This past week I reread the book
Art & Fear. I was first introduced to this wise little tome over ten years ago. Its one of those books that you can reread again and again, finding new and deeper insights each time. This time was no exception. The passages that seemed particularly apt had to do with what the authors call the "correspondence between imagination and execution"- that is, the place where your work actually gets made. The idea is that at the beginning the work can be whatever you can imagine but as it progresses- as you actually begin to make it- the possibilities narrow with each successive brushstroke, until at the end only a very narrow range of choices remain to complete the work. It is then its own thing, separate and apart from the world and what inspired it. In other words, as
Annie Dillard (paraphrasing Paul Klee) wrote:
The painter...does not fit the paints to the world. He most certainly does not fit the world to himself. He fits himself to the paint.
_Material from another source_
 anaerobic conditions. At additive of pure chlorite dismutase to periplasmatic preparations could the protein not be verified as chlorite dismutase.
The self is the servant who bears the paintbox and its inherited contents.
I have read those words a dozen times over many years and have only just begun to understand what they mean. I had this ridiculous notion that I was in control!
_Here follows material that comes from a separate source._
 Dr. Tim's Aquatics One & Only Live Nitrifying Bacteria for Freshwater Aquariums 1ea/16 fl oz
This past week I've been working on the large painting-the underpainting is posted
here. This first image is one glaze over the foreground and trees and the sky laid in with opaque paint.
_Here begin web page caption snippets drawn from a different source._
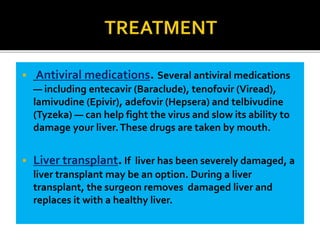  Antiviral medications. Several antiviral medications
— including entecavir (Baraclude), tenofovir (Viread),
lamivudine (Epivir), adefovir (Hepsera) and telbivudine
(Tyzeka) — can help fight the virus and slow its ability to
damage your liver.These drugs are taken by mouth.
 Liver transplant.If liver has been severely damaged, a
liver transplant may be an option. During a liver
transplant, the surgeon removes damaged liver and
replaces it with a healthy liver.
Once the sky was laid in, I began to adjust the values and color temperature. It gets tricky here because you have to remember that each successive glaze will darken that portion of the panting. In this next image, I've put several more glaze layers on the foreground and the distant trees, repainted a portion of the sky, and adjusted the distant tree shapes and color harmony throughout.
So far, I've done very little to the large trees in the foreground and nothing to the small piece of water in the very front. And the sky will need repainting again. There are zillions of little adjustments to edges and shapes and color needed everywhere now-each needing to be fitted to what came before-to the paint.